Folate vs. Folic Acid

First, here’s a little background: Folate is a naturally occurring micronutrient that your body easily converts into 5-MTHF, the active form of vitamin B9 that can then be used by the body. Among other important functions, it is a critical part of the body’s response to foreign invaders like viruses. Folic acid is synthetic, and the process for converting it into 5-MTHF is more intensive because it is processed by the liver instead of the digestive system. Folic acid deficiencies in pregnant women can cause birth defects and low levels of the micronutrient may lead to anemia and other health issues.

Folate is found in vegetables like spinach, asparagus, and Brussels sprouts. Since 1998, many foods containing processed flour have been fortified with folic acid, which is also called pteroylmonoglutamic acid, in an effort by the World Health Organization (WHO) to reduce birth defects due to deficiencies. This means that when you eat your morning breakfast cereal or evening pasta dish, you’re likely consuming foods made with fortified flour. For instance, all Canadian products containing white flour, enriched pasta, and cornmeal are fortified, according to Dieticians of Canada. Pregnant women around the world are also encouraged to take vitamin B9 supplements to prevent birth defects.

As a result of the WHO’s Fortified Flour Initiative, global consumption of the micronutrient has risen.
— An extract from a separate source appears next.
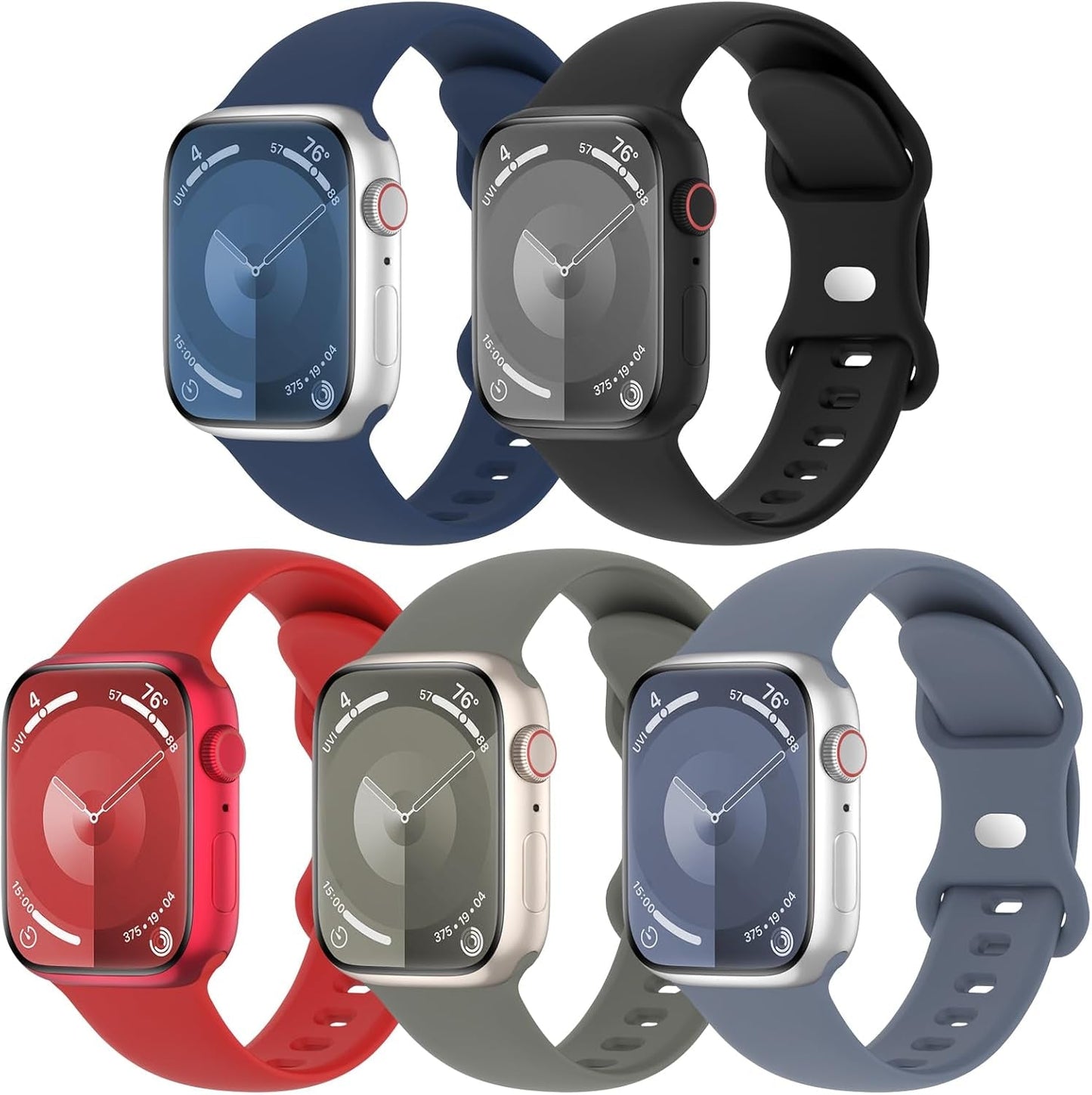 5 Pack Sport Silicone Bands Compatible with Apple Watch Band 38Mm 40Mm 41Mm 42Mm 44Mm 45Mm 49Mm, Soft Waterproof Strap Wristbands for Iwatch Ultra/2 Series 9/8/SE/7/6/5/4/3/2/1 Women Men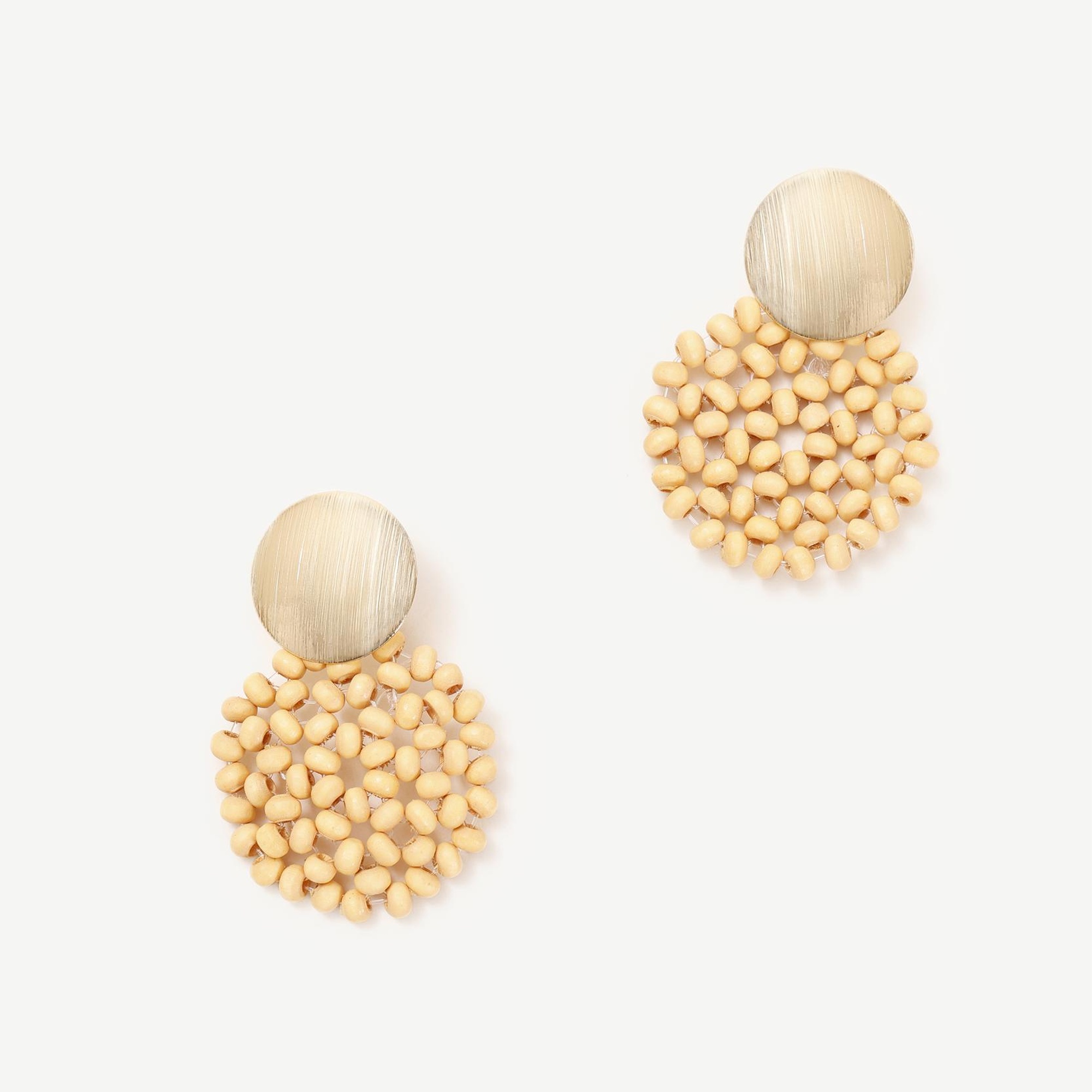 YARGICI Ahşap Boncuklu Yuvarlak Küpe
This has led to scientists looking into whether consuming too much folic acid might have negative health effects that stem from high levels of un-metabolized folic acid found lingering in the bloodstream.

Interestingly, the DRI study notes, the increase in enriched flour products is taking place alongside a growing trend in diagnoses of Type 1 and Type 2 diabetes “that significantly exceeded epidemiological predictions.” Co-authors Dr. Allison Bayer and Dr. Christopher Fraker, both researchers at the University of Miami, used this observation as the springboard for their examination of the folate cycle and its relationship to the immune system’s ability to operate properly.

New Findings

The study notes, “The folate pathway is instrumental in the production of molecules that fuel the activation and suppression of the immune response. Potential dysfunction in several segments of folic acid metabolism…could have direct impact on proper immune function and lead to T1D and T2D, if uncorrected.”
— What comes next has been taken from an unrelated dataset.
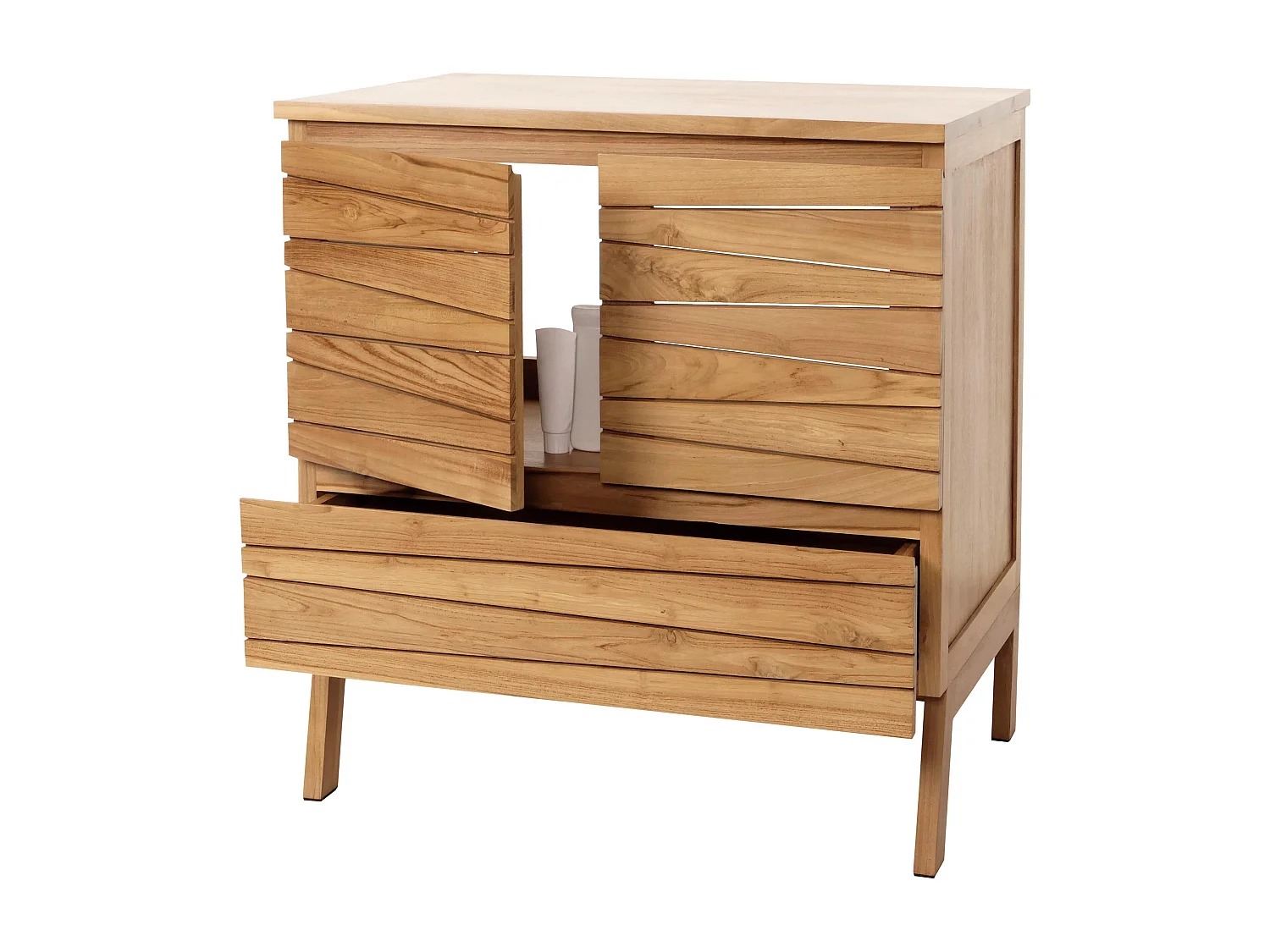 Teak-Waschbeckenunterschrank MCW-M73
Published in Frontiers in Endocrinology, the study examined the body’s susceptibility to certain viruses. Bayer and Fraker cite the Coxsackie and Herpes virus families among those that may contribute toward autoimmune conditions. When it comes to defense, natural killer (NK) cells are key protectors against destructive foreign invaders like viral infections, and NK development is affected by the folate cycle. Previous research has indicated that overconsumption of folic acid can result in inefficient NK cells that don’t perform as they should —  leaving the body vulnerable in the face of attacks (check our list for a refresher on the warning signs of Type 1).
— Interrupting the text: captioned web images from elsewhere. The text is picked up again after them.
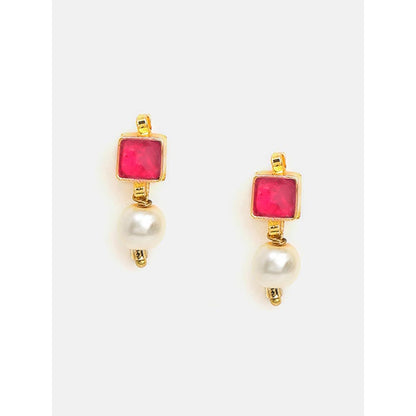 Ruby Raang Studio Mannat Pink Kundan Necklace with Earrings and Maang Tikka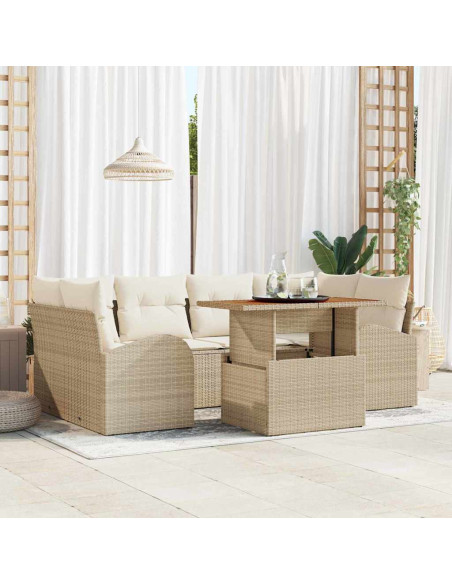 Set Divano da Giardino 7 pz beige e panna
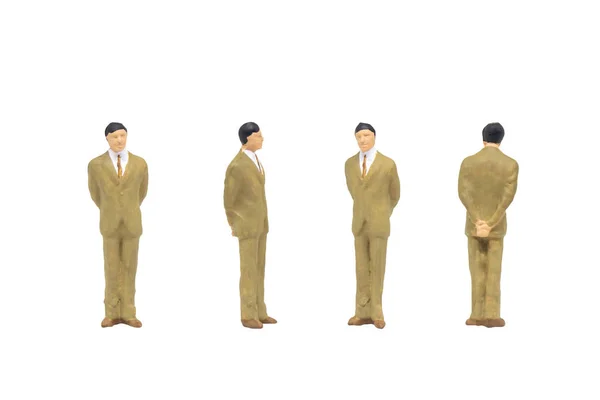Personajul Figurii Miniaturale Trecători Care Pozează Postură Izolată Fundal Alb — Fotografie, imagine de stoc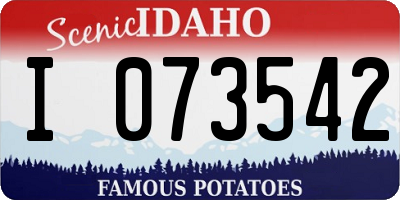 ID license plate I073542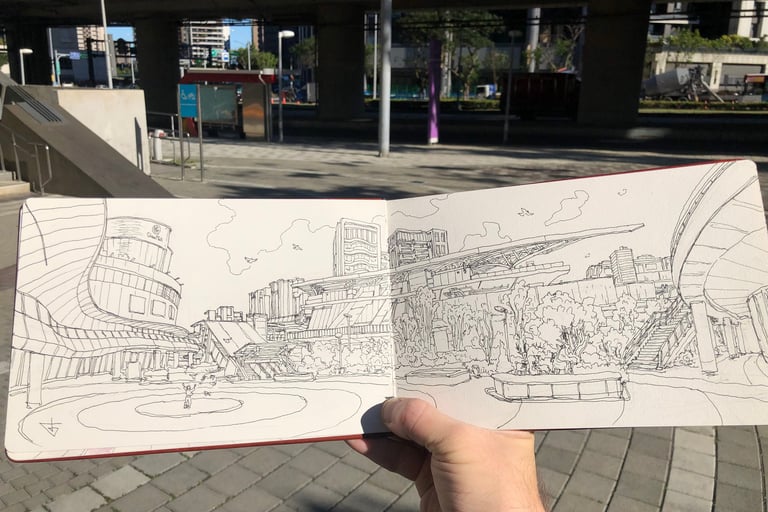 City sketch by Evgeny Bondarenko
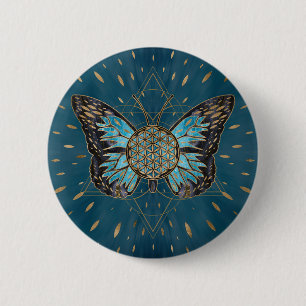 Flower of Life Butterfly - Blue Gemstone and gold 2 Inch Round Button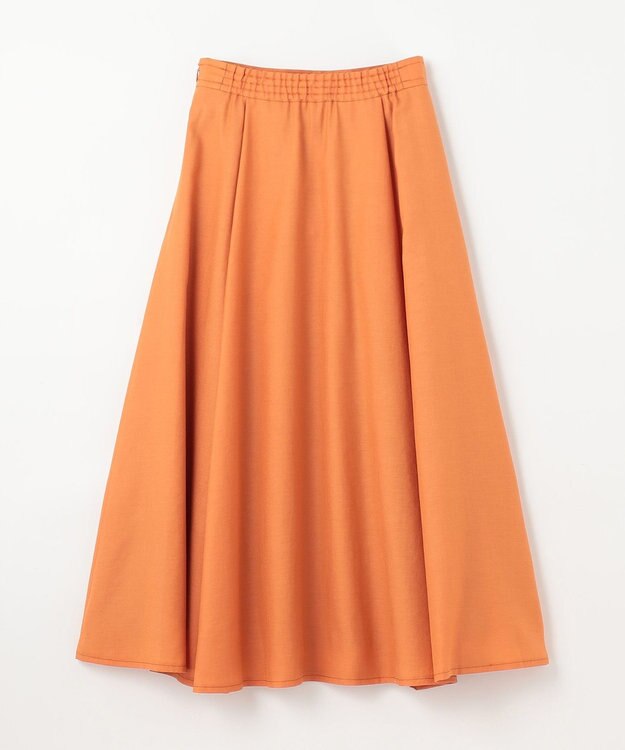 GRACE CONTINENTAL リネンタッチタックフレアスカート オレンジ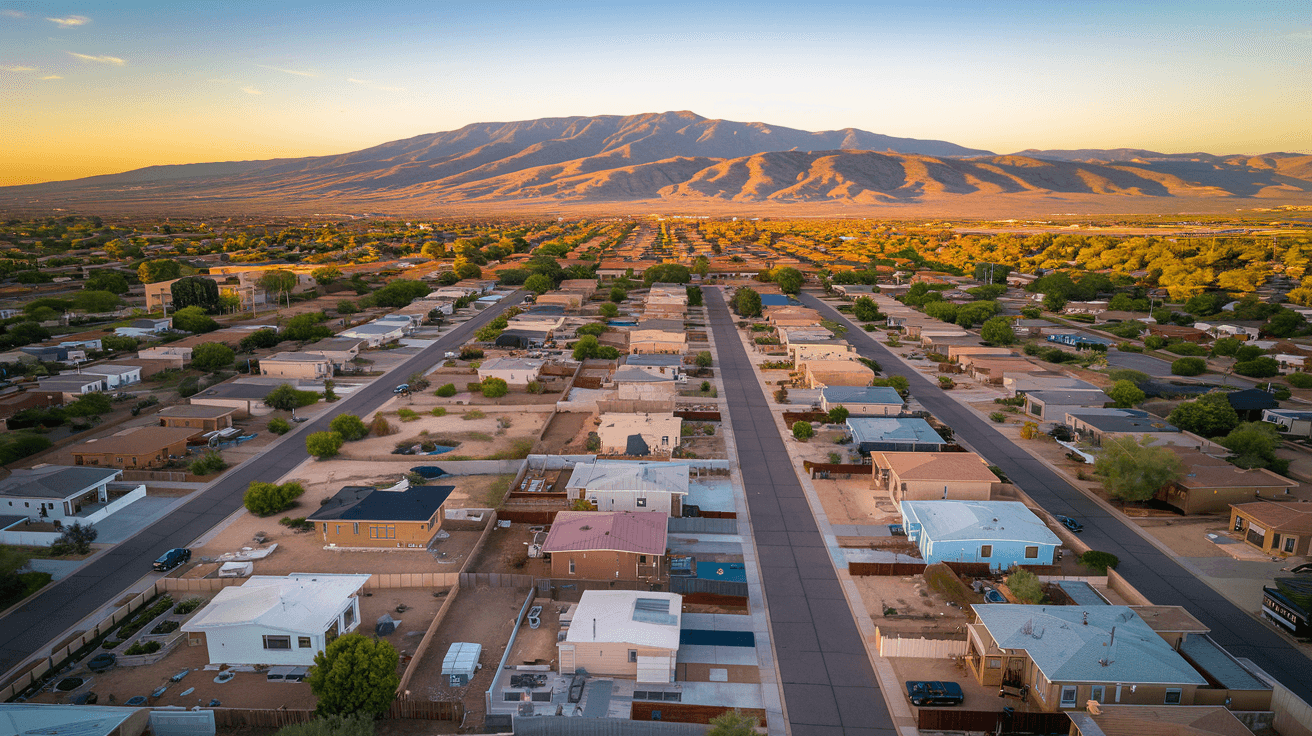 Aerial view of Albuquerque's Northeast Heights neighborhood with the Sandia Mountains glowing pink at sunset, residential streets and rooftops visible below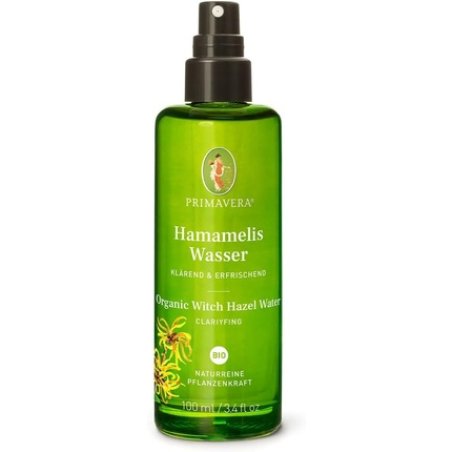 PRIMAVERA Witch Hazel Water Organic 100ml - Pure Plant Power Glass Bottle Hydrosol Body Spray Aromatherapy Invigorating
What about Type 2 diabetes? The researchers summarize, “As it broadly affects all cells in the body, [the folate cycle] can adversely impact multiple systems by slowing cellular metabolism reactions, accumulating unwanted reaction byproducts and disrupting homeostasis.” This means that the metabolic effects of folic acid on a cellular level could lead to insulin resistance, among other issues.

The Bottom Line

These observations call for more research to discover more about how the folic acid we consume as a modern society is affecting us, and what kind of lasting results overconsumption has on our bodies. It’s already known that an expecting mother’s folate levels affect her baby’s development, and Bayer and Fraker go back further in the cycle of human development to caution that “disruption of the folate cycle could, therefore, result in epigenetic changes from conception, onward.”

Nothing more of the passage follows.